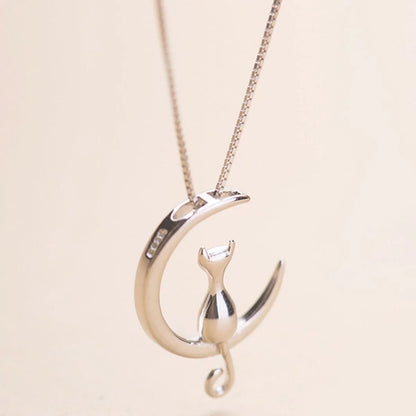 Cat Moon Necklace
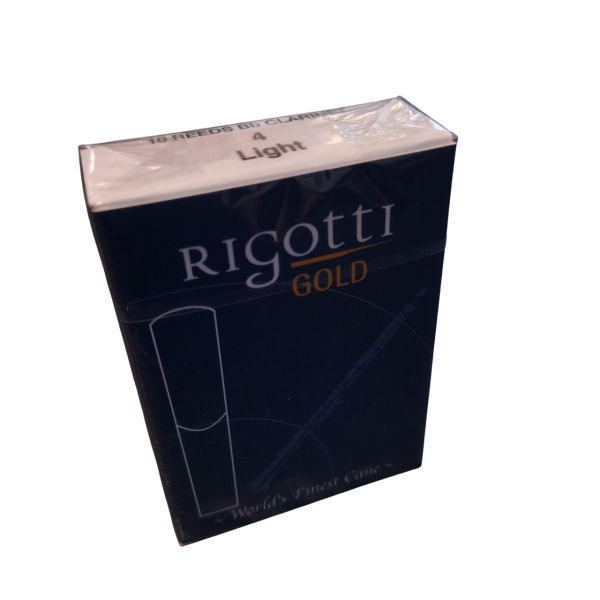 Rigotti Gold Bb Clarinet Reeds - Strength 4 Light - Box of 10
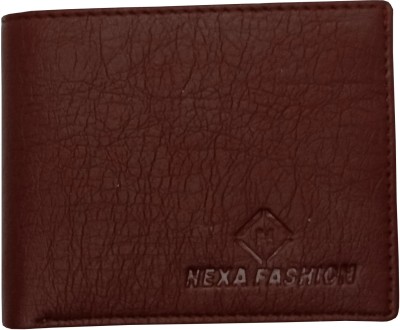 NEXA FASHION Men Casual Brown Artificial Leather Wallet(5 Card Slots)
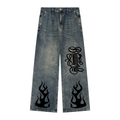 Men's Vintage Wash Denim Jeans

**Your goal:** Omit the pictures and reproduce the remaining material above exactly.

**Result for this exercise:**
 Cat Moon Necklace
 Rigotti Gold Bb Clarinet Reeds - Strength 4 Light - Box of 10
 NEXA FASHION Men Casual Brown Artificial Leather Wallet(5 Card Slots)
 Men's Vintage Wash Denim Jeans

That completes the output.